◆ Try it: Print the listing exactly as it stands, and skip any pictures in it.

◆ The data:
--- START ---

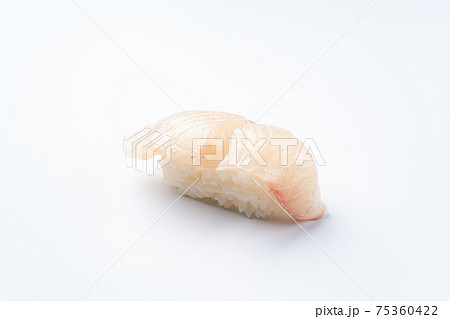 かんぱちの握り寿司 白背景の写真素材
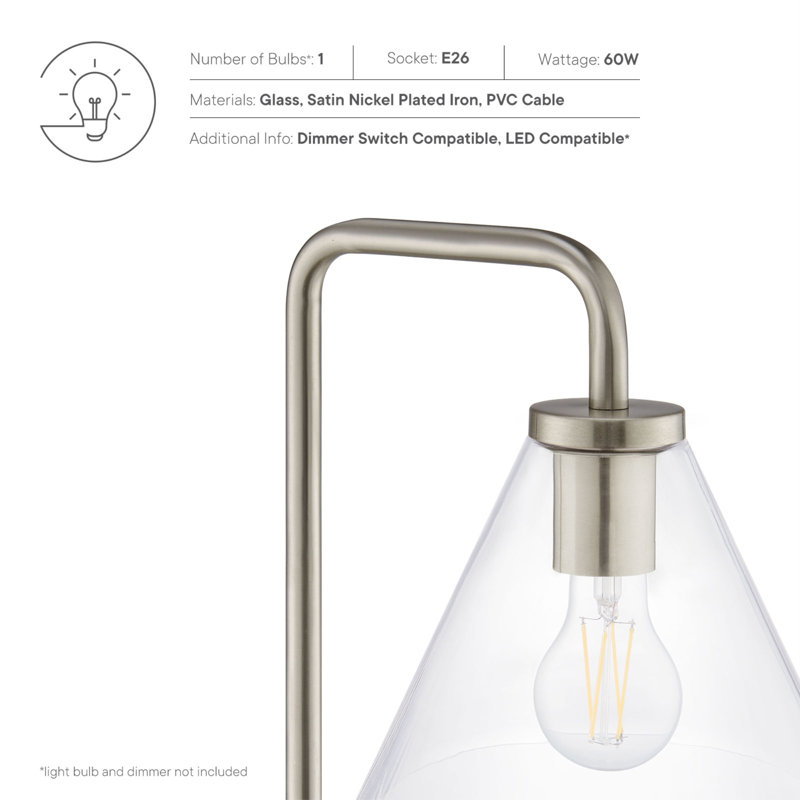 Element Satin Nickel Glass and Metal Arc Floor Lamp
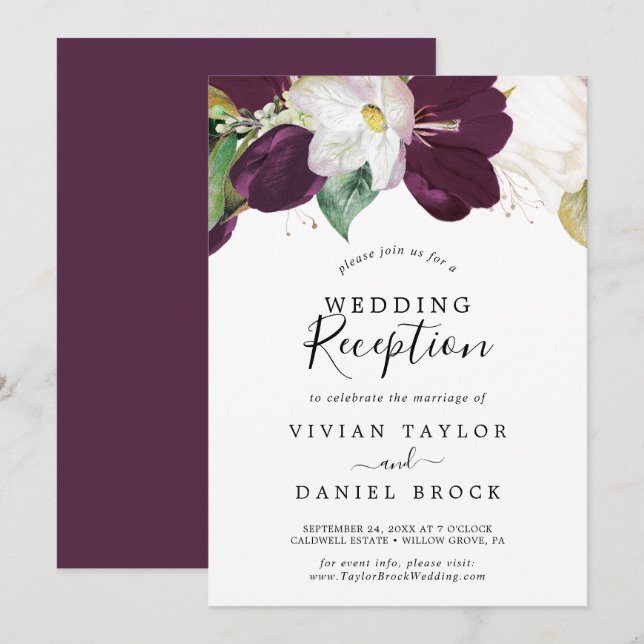 Moody Purple Blooms Wedding Reception Invitation (Front/Back)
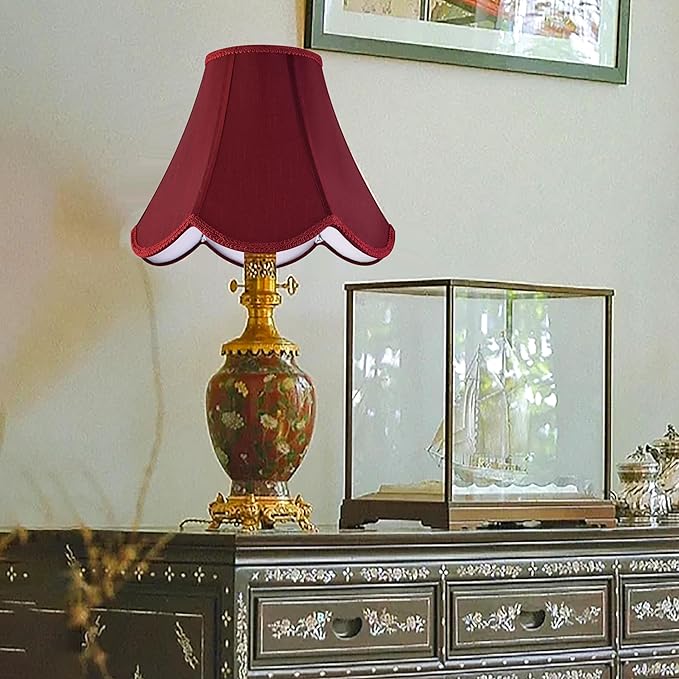 GO&SO Burgundy Scalloped Lamp Shade Bell Lamp Shades Petal Edge Braid,6"Top x 13"Bottom x 10.6"High (Spider) Table Lamp Shade Modern Floor Lamp Shade Replacement,Faux Silk Lampshades -Easy Assembly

--- END ---

◆ Solved problem:
 かんぱちの握り寿司 白背景の写真素材
 Element Satin Nickel Glass and Metal Arc Floor Lamp
 Moody Purple Blooms Wedding Reception Invitation (Front/Back)
 GO&SO Burgundy Scalloped Lamp Shade Bell Lamp Shades Petal Edge Braid,6"Top x 13"Bottom x 10.6"High (Spider) Table Lamp Shade Modern Floor Lamp Shade Replacement,Faux Silk Lampshades -Easy Assembly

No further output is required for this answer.